Texture uploads on Android

September 25, 2013

RAD Game Tools, my employer, recently (version 2.2e) started shipping Bink 2.2 on Android, and we decided it was time to go over the example texture upload code in our SDK and see if there was any changes we should make – the original code was written years ago. So far, the answer seems to be “no”: what we’re doing seems to be about as good as we can expect when sticking to “mainstream” GL ES, reasonably widely-deployed extensions and the parts of Android officially exposed in the NDK. That said, I have done a bunch of performance measurements over the past few days, and they paint an interesting (if somewhat depressing) picture. A lot of people on Twitter seemed to be interested in my initial findings, so I asked my boss if it was okay if I published the “proper” results here and he said yes – hence this post.

Setting

Okay, here’s what we’re measuring: we’re playing back a 1280×720 29.97fps Bink 2 video – namely, an earlier cut of this trailer that we have a very high-quality master version of (it’s one of our standard test videos); I’m sure the exact version of the video we use is on the Internet somewhere too, but I didn’t find it within the 2 minutes of googling, so here goes. We’re only using the first 700 frames of the video to speed up testing (700 frames is enough to get a decent sample).
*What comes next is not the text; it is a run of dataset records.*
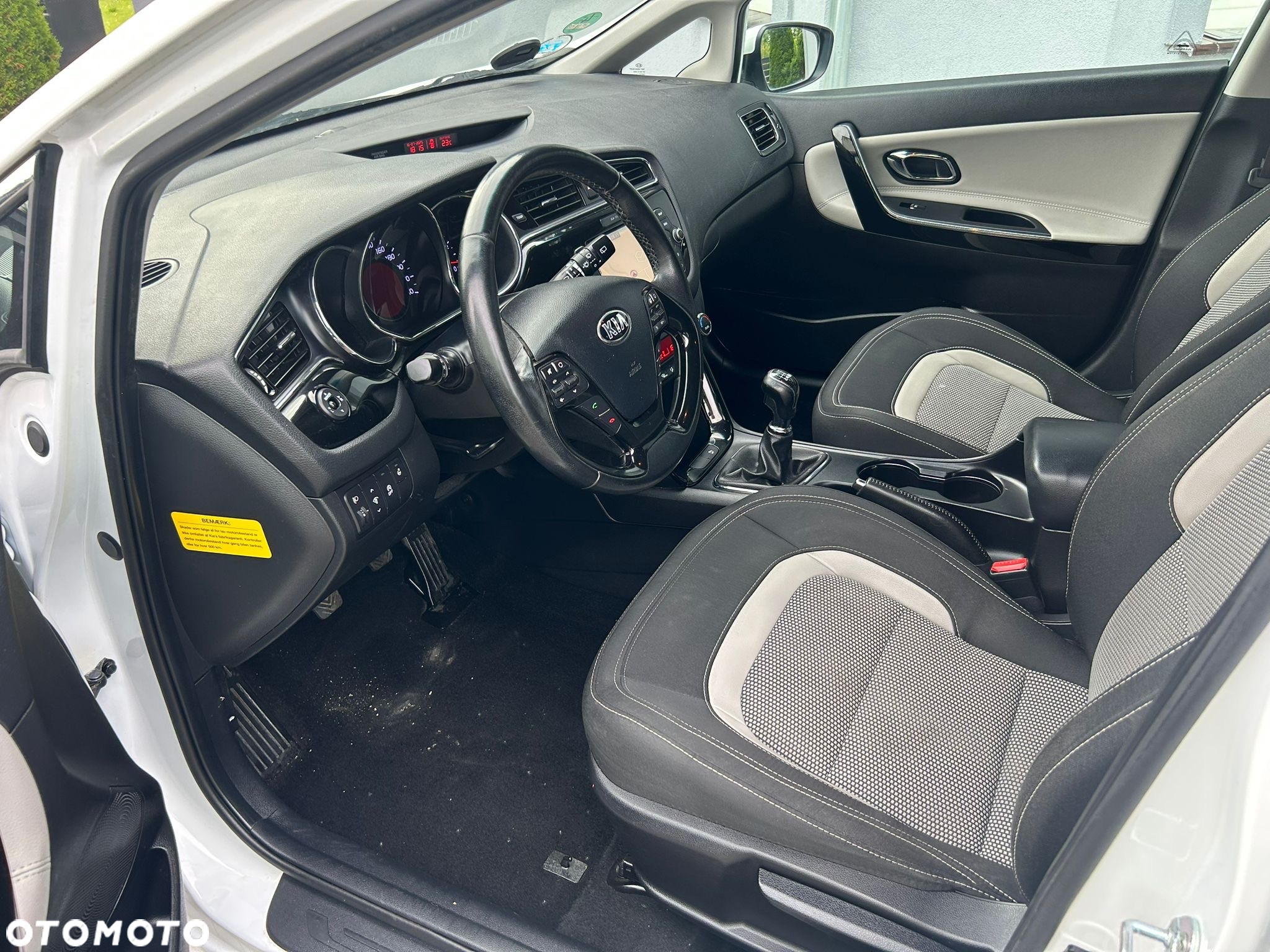 Kia Ceed 1.6 CRDi 136 ISG GT Line - 6
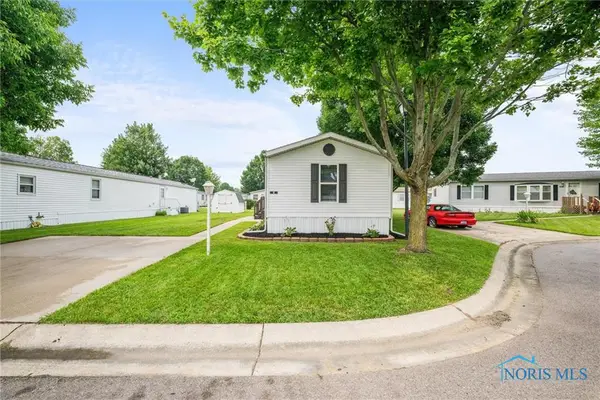 14900 County Road H Unit 8, Wauseon, OH 43567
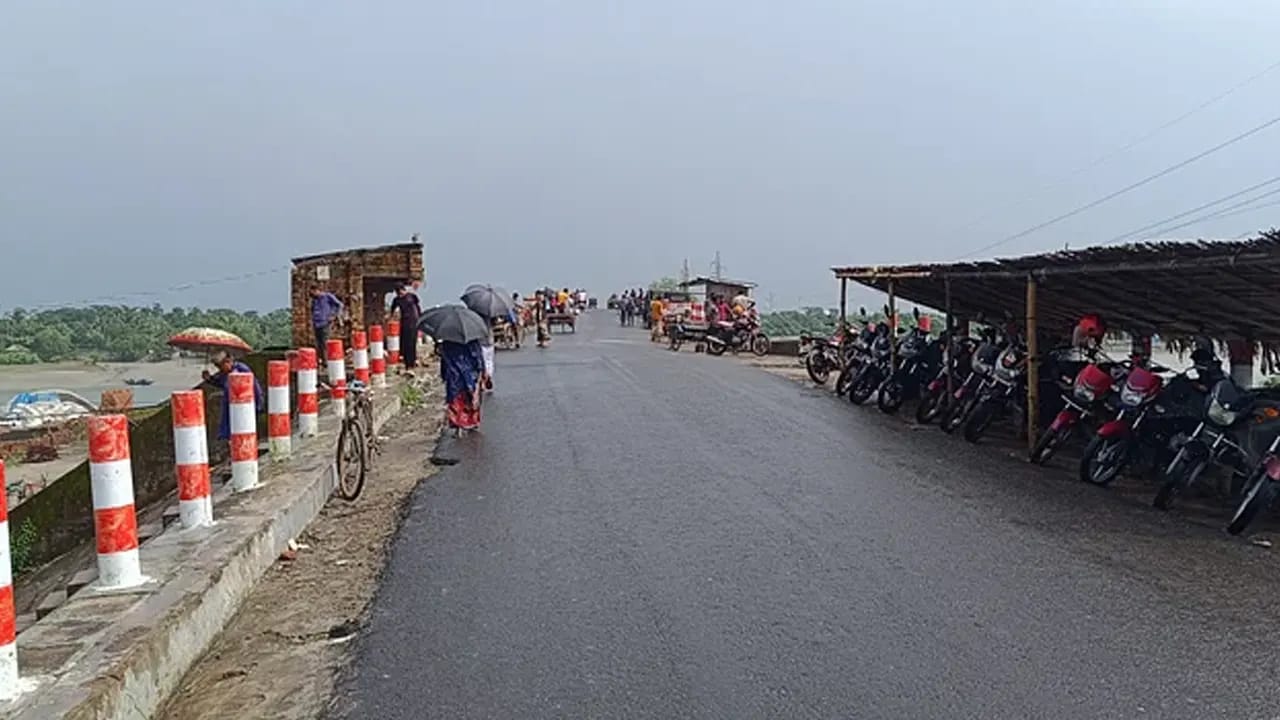 ছোট সেতু বড় ভোগান্তি—টোলের জালে বিপর্যস্ত কয়রাবাসী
Like most popular video codecs, Bink 2 produces output data in planar YUV, with the U/V color planes sub-sampled 2x both horizontally and vertically. These three planes get uploaded as 3 separate textures (which together form a “texture set”): one 1280×720 texture for luminance (Y) and two 640×360 textures for chrominance (Cb/Cr). (Bink and Bink 2 also support encoding an alpha channel, which adds another 1280×720 texture to the set). All three textures use the GL_LUMINANCE pixel format by default, with GL_UNSIGNED_BYTE data; that is, one byte per texel. This data is converted to RGB using a simple fragment shader.

Every frame, we upload new data for all 3 textures in a set using glTexSubImage2D from the internal video frame buffers, uploading the entire image (we could track dirty regions fairly easily, but with slow uploads this increases frame rate variance, which is a bad thing). We then draw a single quad using the 3 textures and our fragment shader. All very straightforward stuff.

Furthermore, we actually keep two texture sets around – everything is double-buffered. You will see why this is a good idea despite the increased memory consumption in a second.

A wrinkle

One problem with GL ES targets is that the original GL ES went a bit overboard in removing core GL features. One important feature they removed was GL_UNPACK_ROW_LENGTH – this parameter sets the distance between adjacent rows in a client-specified image, counted in pixels. Why would you care about this? Simple: Say you have a 256×256 texture that you want to update from a system memory copy, but you know that you only changed the lower-left 128×128 pixels. By default, glTexSubImage2D with width = height = 128 will assume that the rows of the source image are 128 pixels wide and densely packed. Thus, to update just a 128×128 pixel region, you would have to either copy the lower left 128×128 pixels of your system memory texture into a smaller array that is densely packed, or call glTexSubImage2D 128 times, uploading a row at a time. Neither of these is very appealing from a performance perspective. But if you have GL_UNPACK_ROW_LENGTH, you can just set it to 256 and upload everything with a single call. Much nicer.

The reason Bink 2 needs this is because we support arbitrary-width videos, but like most video codecs, the actual coding is done in terms of larger units. For example, MPEG 1 through to H.264 all use 16×16-pixel “macroblocks”, and any video that is not a multiple of 16 pixels will get padded out to a multiple-of-16-size internally. Even if you didn’t need the extra data in the codec, you would still want adjacent rows in the plane buffers to be multiples of at least 16 pixels, simply so that every row is 16-byte aligned (an important magic number for a lot of SIMD instruction sets). Bink 2’s equivalent of macroblocks is 32×32 pixels in size, so we internally want rows to be a multiple of 32 pixels wide.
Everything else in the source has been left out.